10x10 – Island scenery and quaint streets belie the stalking and kidnappers opening this 2018 thriller starring Kelly Reilly (Eden Lake) and Luke Evans (High-Rise). Guns, duck tape, a bag over the head, and wire ties complete the daylight parking lot abduction – cars and people abound yet no one sees or hears a thing. Unfortunately, the rug is pulled out from under such real world fear thanks to blatantly obvious L.A. Fitness storefronts, an ominous Dodge Charger, and Instagram as the latest form of communication product placements when any yoga class, vehicle, or phone number would do. Despite the elaborate concrete and soundproof construction of the titular room, our perpetrator makes mistakes as our victim easily fights her way out of the cell amid screams contrasting the quiet isolation and padded darkness versus the normal, bright kitchen. Rather than a slow burn tense, the back and forth, stilted pace becomes annoying with slow, time wasting snippets padding the piece itself. Dead family members and past malpractice revenge lack substance, leaving the audience wondering if the typical questions about his apparently sympathetic purpose and her suspicious real name are going anywhere we don't already know. Without their natural accents, the cast comes off as monotone or hoarse, and the surprisingly not thrilling or scary genre cliches are likewise dry. This should be a taut two-hander that never leaves the four walls, but the players – who have both done impressive horrors and chills – don't have enough to chew on alongside trite housekeeper intrusions and close calls with the cops.

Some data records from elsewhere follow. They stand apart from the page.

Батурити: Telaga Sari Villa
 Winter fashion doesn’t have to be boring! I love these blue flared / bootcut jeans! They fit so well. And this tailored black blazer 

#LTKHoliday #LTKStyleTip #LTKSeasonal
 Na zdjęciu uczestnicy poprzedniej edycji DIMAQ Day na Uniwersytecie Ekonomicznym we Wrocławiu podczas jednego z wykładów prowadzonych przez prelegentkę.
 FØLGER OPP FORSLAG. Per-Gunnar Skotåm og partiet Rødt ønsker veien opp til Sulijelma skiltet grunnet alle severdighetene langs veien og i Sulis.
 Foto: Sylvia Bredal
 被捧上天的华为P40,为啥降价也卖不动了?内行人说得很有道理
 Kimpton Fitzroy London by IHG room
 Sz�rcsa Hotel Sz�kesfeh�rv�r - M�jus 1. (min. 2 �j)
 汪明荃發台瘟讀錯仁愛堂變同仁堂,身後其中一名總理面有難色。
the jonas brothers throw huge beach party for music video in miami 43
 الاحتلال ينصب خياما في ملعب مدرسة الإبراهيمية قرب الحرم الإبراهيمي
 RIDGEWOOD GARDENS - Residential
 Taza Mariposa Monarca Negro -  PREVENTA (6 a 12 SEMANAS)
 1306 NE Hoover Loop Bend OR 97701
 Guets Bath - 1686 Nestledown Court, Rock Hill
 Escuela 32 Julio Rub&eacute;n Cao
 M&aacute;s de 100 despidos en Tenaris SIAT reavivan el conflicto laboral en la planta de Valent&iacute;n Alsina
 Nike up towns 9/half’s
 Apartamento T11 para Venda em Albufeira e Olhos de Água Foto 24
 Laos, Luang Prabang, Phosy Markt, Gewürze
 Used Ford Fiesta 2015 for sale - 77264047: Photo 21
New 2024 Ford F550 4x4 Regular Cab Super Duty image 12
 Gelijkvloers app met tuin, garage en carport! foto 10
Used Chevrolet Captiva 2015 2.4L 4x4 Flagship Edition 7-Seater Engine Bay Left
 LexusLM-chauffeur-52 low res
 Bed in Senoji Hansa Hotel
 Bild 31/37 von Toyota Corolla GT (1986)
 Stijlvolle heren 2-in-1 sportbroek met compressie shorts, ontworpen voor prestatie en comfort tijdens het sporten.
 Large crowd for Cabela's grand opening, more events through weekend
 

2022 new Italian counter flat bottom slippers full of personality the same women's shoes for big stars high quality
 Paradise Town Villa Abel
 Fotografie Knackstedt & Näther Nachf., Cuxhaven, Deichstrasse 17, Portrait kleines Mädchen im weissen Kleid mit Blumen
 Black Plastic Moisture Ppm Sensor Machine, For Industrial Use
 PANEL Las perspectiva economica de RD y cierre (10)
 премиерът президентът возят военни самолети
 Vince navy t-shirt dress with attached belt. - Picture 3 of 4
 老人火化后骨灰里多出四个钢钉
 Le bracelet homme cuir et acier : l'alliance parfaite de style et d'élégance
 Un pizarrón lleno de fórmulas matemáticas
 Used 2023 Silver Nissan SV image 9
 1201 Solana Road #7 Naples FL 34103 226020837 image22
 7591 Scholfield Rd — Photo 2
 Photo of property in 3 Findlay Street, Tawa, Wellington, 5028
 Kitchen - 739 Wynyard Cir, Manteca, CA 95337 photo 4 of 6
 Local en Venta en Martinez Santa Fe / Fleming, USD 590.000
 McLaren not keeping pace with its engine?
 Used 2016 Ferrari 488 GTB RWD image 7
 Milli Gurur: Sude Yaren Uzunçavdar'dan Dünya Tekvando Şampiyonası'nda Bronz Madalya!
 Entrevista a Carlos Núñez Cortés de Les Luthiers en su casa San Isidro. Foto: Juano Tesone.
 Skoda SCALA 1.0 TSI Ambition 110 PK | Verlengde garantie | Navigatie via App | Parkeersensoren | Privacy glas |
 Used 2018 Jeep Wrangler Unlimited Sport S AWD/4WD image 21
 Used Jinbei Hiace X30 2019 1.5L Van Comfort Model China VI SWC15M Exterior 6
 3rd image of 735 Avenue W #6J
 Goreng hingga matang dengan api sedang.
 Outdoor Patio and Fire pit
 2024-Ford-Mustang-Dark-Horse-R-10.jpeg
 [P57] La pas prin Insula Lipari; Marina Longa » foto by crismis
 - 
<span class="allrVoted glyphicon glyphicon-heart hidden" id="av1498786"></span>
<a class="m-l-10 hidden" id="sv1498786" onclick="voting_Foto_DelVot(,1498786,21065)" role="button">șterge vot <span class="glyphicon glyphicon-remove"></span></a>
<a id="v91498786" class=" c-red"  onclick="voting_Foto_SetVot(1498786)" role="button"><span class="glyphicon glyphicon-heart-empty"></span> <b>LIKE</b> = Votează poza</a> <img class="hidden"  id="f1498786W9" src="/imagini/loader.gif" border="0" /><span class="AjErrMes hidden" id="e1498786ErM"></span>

Home movies angst, adultery, and religious hypocrisy are on the nose and nothing new or edgy – it might have been interesting if the characters had been reversed, but the suspicion between who is good or bad never really delivers, leaving viewers waiting for something that doesn't happen. What tense there is gets a little silly by the finale, and by time a kid in peril is shoehorned in, it's tough to care anymore.